7.6. Anders dan [X] betoogt, staan deze handelingen wel degelijk in een CSQN-verband tot de later ingetreden schade. Immers, indien deze betalingsopdrachten door hem niet in het elektronisch betalingssysteem zouden zijn gezet, zouden deze betalingen ook niet zijn uitgevoerd.
7.7. Evenmin volgt de rechtbank [X] in zijn stellingname dat het hiervoor door de gemeente ondervonden financiële nadeel niet in een juridisch relevant causaal verband staat tot het klaarmaken van de betalingsopdrachten. Duidelijk is immers dat [X], als financieel medewerker van Boijmans Van Beuningen, jegens haar als goed werknemer heeft te handelen. Door betalingsopdrachten gereed te maken zonder dat daarmee het belang van Boijmans Van Beuningen op enigerlei wijze wordt gediend, hetgeen niet anders kan worden gezien dan opzettelijk handelen, overtreedt hij deze norm, hetgeen neerkomt op een toerekenbare tekortkoming uit hoofde van zijn dienstverband.
7.8. Daaraan doet niet af dat Boijmans Van Beuningen laks zou zijn geweest met betrekking tot haar eigen veiligheidsprocedures en niet zou voldoen aan het vereiste van twee handtekeningen bij het verstrekken van een betalingsopdracht aan haar bank. Het opzettelijk schenden van een norm wordt hierdoor niet in meer of mindere mate verschoonbaar.
7.9. Voorzover [X] stelt dat om deze reden Boijmans Van Beuningen zelf schuld heeft aan het voor haar ontstane nadeel, oordeelt de rechtbank dat ook deze argumentatie niet opgaat. Immers, [X] heeft de verkeerde betalingsopdrachten opzettelijk in het systeem gezet, met de bedoeling dat deze niet ontdekt zouden worden door de voor betaling geautoriseerde personen. Hij is hierin geslaagd zodat het in de rechtsverhouding van Boijmans Van Beuningen als werkgever en [X] als werknemer, gebaseerd op noodzakelijk vertrouwen, bepaald niet passend is om over eigen schuld te spreken.

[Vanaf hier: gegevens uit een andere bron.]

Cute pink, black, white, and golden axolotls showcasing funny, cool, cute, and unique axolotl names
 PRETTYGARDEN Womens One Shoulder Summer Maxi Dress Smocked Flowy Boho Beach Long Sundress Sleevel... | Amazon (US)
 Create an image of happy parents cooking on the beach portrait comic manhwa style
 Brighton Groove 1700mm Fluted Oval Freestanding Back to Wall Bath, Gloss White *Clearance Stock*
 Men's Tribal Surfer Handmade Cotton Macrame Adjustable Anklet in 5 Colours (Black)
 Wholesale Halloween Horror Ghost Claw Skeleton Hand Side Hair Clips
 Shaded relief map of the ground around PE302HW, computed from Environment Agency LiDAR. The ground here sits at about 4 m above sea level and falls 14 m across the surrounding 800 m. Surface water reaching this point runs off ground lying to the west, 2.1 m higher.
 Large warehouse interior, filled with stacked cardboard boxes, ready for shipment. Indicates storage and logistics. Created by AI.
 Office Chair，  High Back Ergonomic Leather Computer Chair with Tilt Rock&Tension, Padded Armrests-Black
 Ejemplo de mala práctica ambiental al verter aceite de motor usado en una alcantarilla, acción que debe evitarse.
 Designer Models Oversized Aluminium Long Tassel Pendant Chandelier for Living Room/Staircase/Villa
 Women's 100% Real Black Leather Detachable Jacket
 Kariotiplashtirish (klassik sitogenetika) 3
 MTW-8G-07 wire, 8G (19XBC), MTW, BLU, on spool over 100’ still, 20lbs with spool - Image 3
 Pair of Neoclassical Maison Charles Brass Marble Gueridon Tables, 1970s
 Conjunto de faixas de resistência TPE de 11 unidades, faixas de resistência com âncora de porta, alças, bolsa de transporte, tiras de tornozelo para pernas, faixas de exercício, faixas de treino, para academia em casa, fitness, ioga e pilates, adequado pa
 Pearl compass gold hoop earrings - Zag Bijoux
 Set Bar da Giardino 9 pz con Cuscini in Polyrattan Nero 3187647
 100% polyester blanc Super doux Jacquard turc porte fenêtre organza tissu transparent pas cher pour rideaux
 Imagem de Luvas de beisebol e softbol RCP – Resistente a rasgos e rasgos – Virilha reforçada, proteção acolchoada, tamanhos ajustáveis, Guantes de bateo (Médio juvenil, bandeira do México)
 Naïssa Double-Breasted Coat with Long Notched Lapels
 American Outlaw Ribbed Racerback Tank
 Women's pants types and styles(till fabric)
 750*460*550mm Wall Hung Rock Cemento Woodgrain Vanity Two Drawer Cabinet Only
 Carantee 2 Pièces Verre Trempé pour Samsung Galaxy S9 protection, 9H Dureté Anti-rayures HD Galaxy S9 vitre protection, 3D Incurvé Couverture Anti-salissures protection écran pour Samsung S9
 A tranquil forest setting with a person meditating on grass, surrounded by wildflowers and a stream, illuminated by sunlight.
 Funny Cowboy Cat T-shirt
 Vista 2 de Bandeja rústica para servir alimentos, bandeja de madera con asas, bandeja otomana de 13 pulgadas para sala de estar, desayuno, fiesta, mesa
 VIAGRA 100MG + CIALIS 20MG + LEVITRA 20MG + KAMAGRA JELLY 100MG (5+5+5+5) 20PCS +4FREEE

7.10. Aldus oordeelt de rechtbank dat [X] jegens de gemeente toerekenbaar te kort is geschoten en dat het hierdoor ontstane financiële nadeel in causaal verband staat tot deze toerekenbare tekortkoming, zonder dat aan [X] een beroep op eigen schuld van de gemeente toekomt. Ten aanzien van de hoogte van de schade en de kwestie van de schadebeperkende maatregelen, zal de rechtbank, nu deze kwestie ook door [Y] wordt aangesneden, verderop oordelen.
7.11. De gemeente ontwikkelt de volgende, zakelijk samen te vatten, stellingen. Het strafvonnis heeft dwingende rechtskracht. Er is sprake van een causaal verband tussen de gedragingen van [Y] en de door haar ondervonden schade. Haar beveiligingssysteem functioneerde wel.
7.12. [Y] stelt hiertegenover dat hij weliswaar het hoger beroep tegen het strafvonnis heeft ingetrokken maar dat dit niet wil zeggen dat hij de strafbare feiten ook erkent. Het causale verband wordt betwist. Voorts doet hij een beroep op eigen schuld van Boijmans Van Beuningen omdat haar beveiliging niet deugde. De schadebeperkende maatregelen hebben juist een tegengesteld effect gehad. Bij dupliek stelt [Y] verder dat hij doende is om herziening aan te vragen van het strafvonnis en verzoekt hij de civiele procedure uit te stellen. Voorts stelt hij dat hij nooit contact heeft gehad met [X], laat staan dat hij met hem heeft samengespannen om de gemeente te benadelen. Er zijn door [X] en door de bij Boijmans Van Beuningen geautoriseerde persoon transacties gepleegd, buiten zijn invloedssfeer, die tot gevolg hebben dat er geld is overgemaakt op een bankrekening van Van den Toren. Hij stelt dat hij als bestuurder van Cashwheelz het geld had geleend van Van den Toren waarna het is belegd op een Alex-beleggingsrekening.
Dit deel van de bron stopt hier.